:: Requirement ::
Print the lines below from the line with "The Lovers on" to the line with "Teen Boy Posing" exactly, keeping both ends, and print no pictures.

:: Material for this task ::
:::

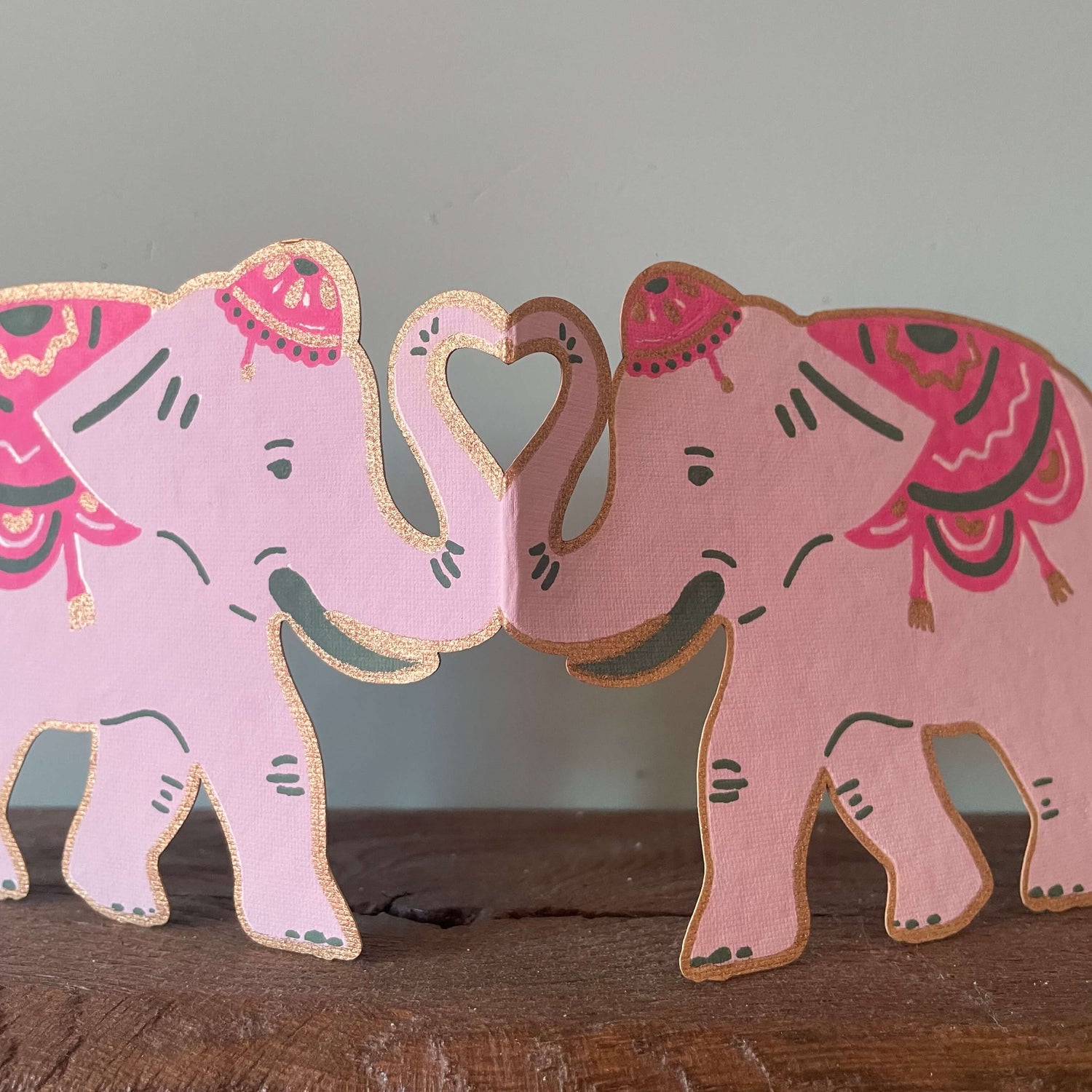 Decorative pink elephants on a wooden surface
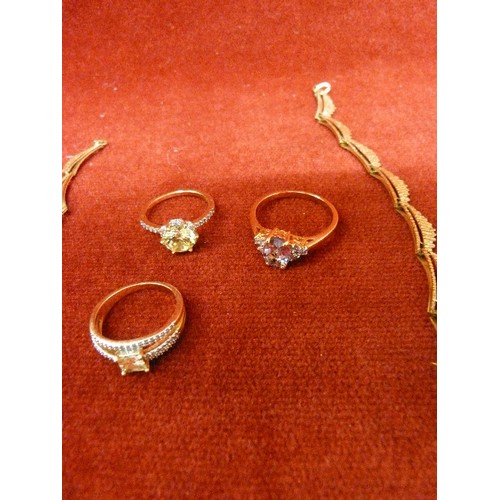 10 - LOVELY GOLD METAL NECKLACE AND 3 RINGS WITH GLASS STONES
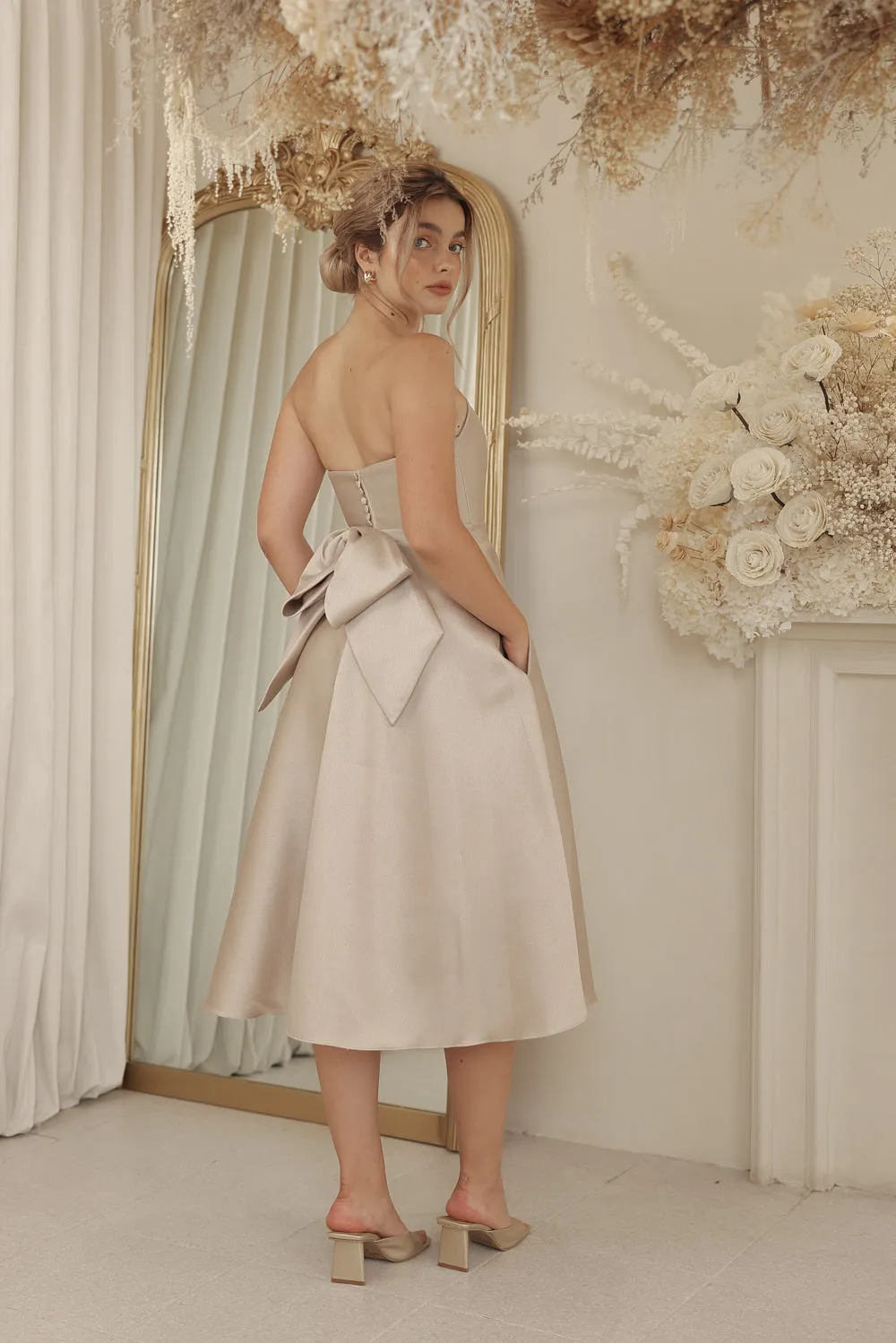 CELINE Strapless Curved Neckline Mid Length Gown with Bow, Pockets and Covered Buttons (Tan Gazaar)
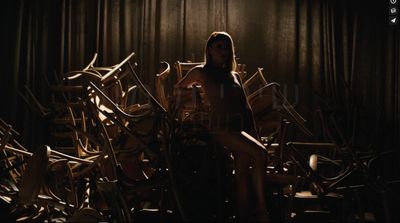 a woman sitting on a chair in a room full of chairs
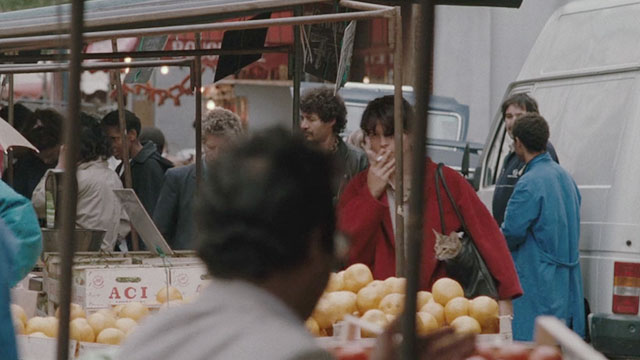 The Lovers on the Bridge - Les Amants du Pont-Neuf - Michele Juliette Binoche approaching fruit stand with Abyssinian cat Louisiana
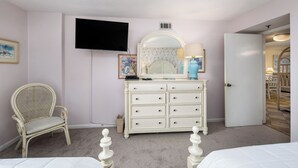 A bedroom with two beds, a dresser, a television, and a chair. - Surf Dweller 603 - Swaying Palms (Fort Walton Beach)
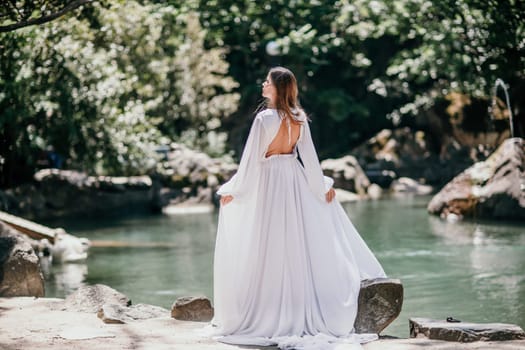 a beautiful woman in a long white dress looks into the distance at a beautiful lake with swans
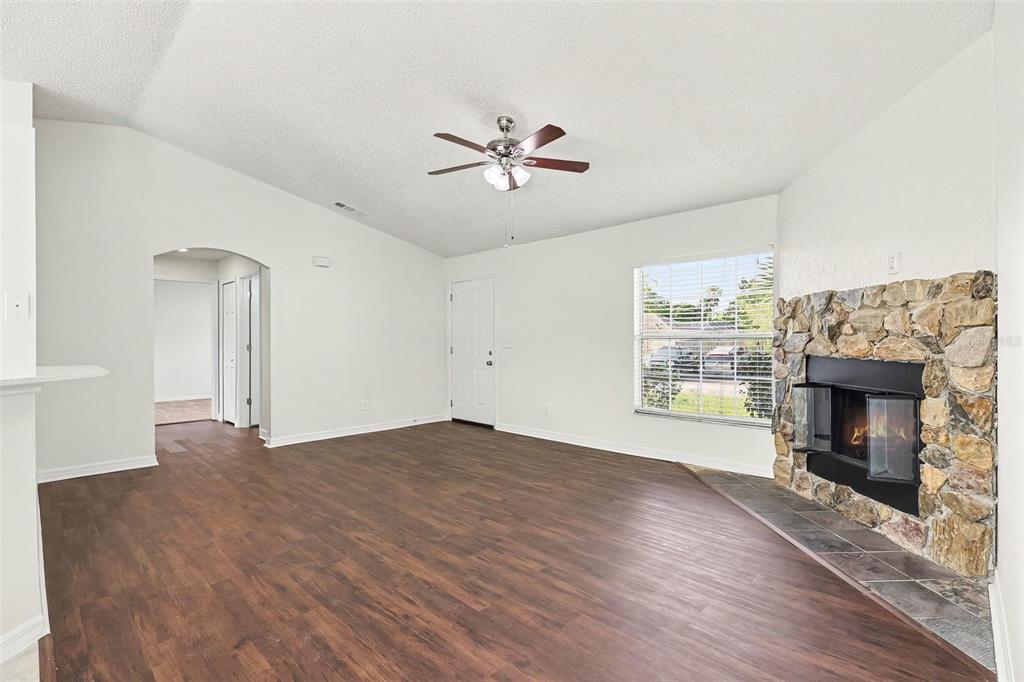 A living room with wood-look flooring, a stone fireplace, and a ceiling fan — 6236 BRANDT STREET, COCOA, FL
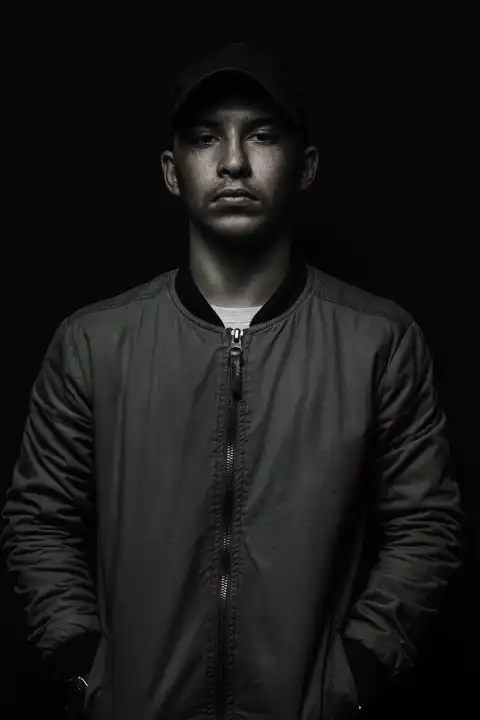 Teen Boy Posing with Black Cap and Bomber Jacket in Front of Black Background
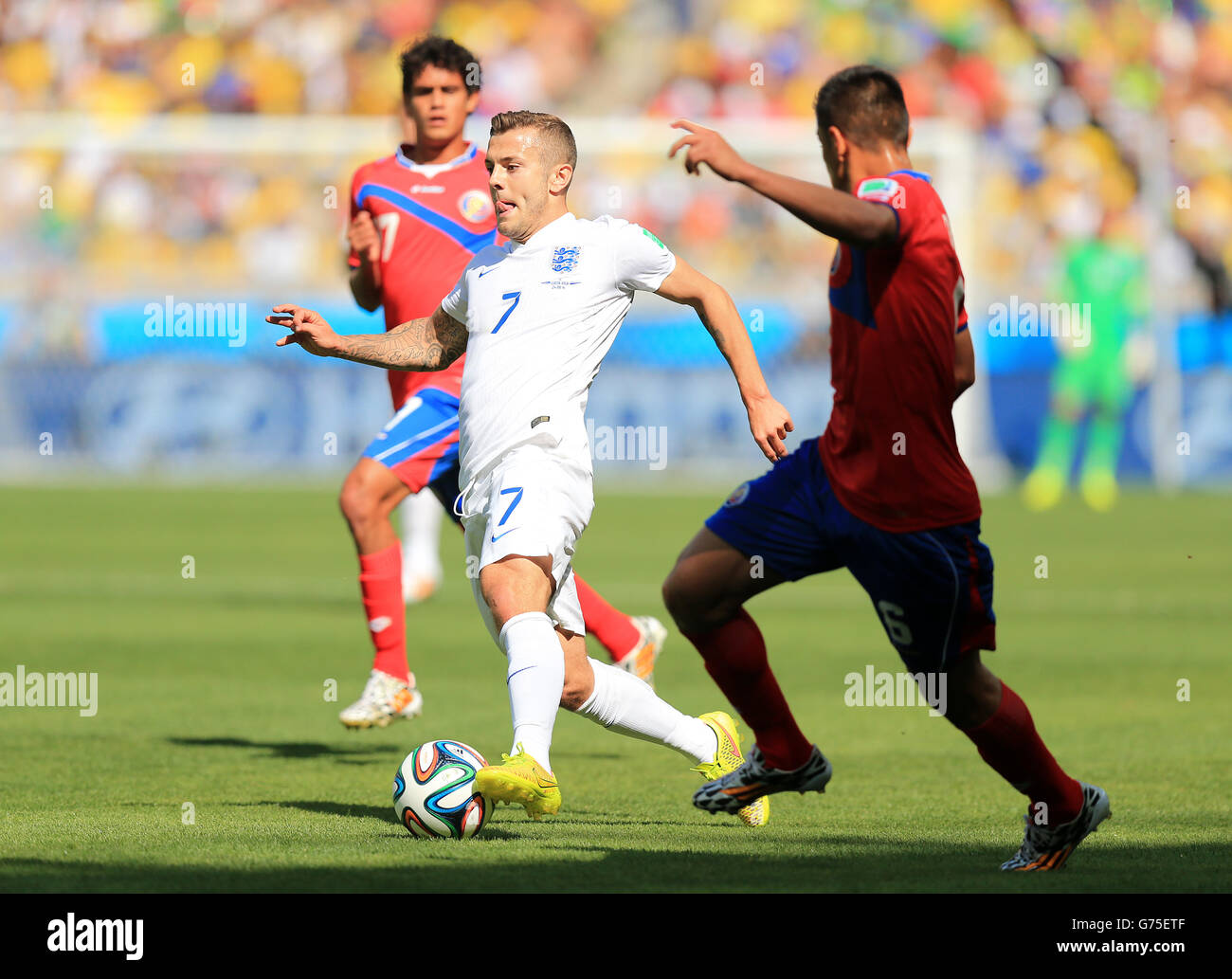 England's Jack Wilshere gets away from Costa Rica's Cristian Gamboa (right) as they battle for the ball during the FIFA World Cup, Group D match at the Estadio Mineirao, Belo Horizonte, Brazil. Stock Photo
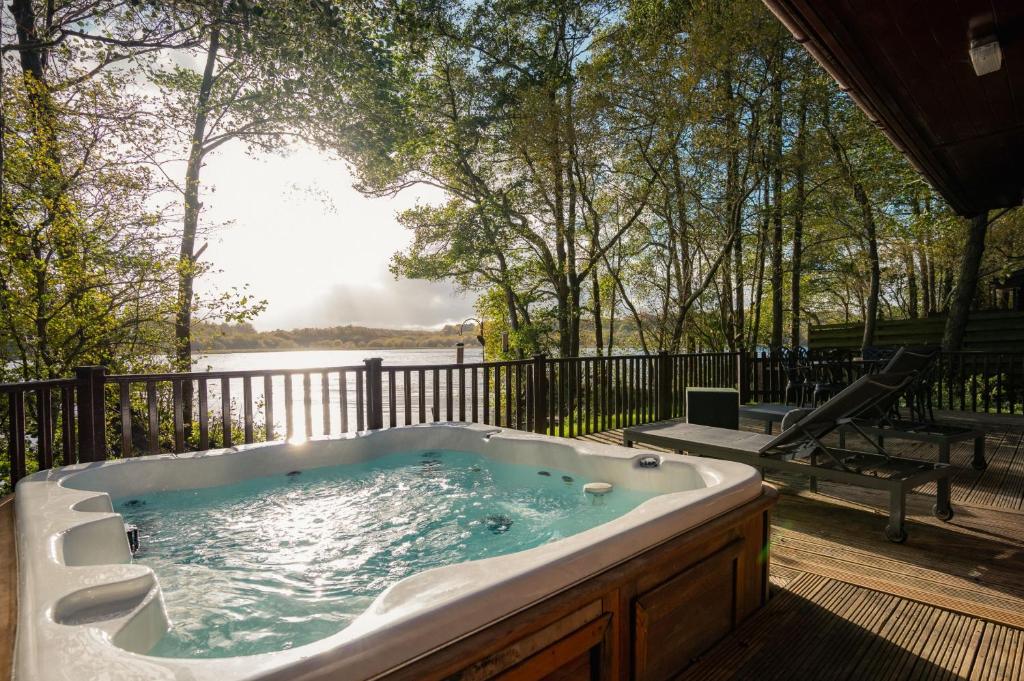 a jacuzzi tub sitting on a deck next to a lake at Heron Lodge with Hot-tub in Carlisle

:::

:: Exercise response ::
 The Lovers on the Bridge - Les Amants du Pont-Neuf - Michele Juliette Binoche approaching fruit stand with Abyssinian cat Louisiana
 A bedroom with two beds, a dresser, a television, and a chair. - Surf Dweller 603 - Swaying Palms (Fort Walton Beach)
 a beautiful woman in a long white dress looks into the distance at a beautiful lake with swans
 A living room with wood-look flooring, a stone fireplace, and a ceiling fan — 6236 BRANDT STREET, COCOA, FL
 Teen Boy Posing with Black Cap and Bomber Jacket in Front of Black Background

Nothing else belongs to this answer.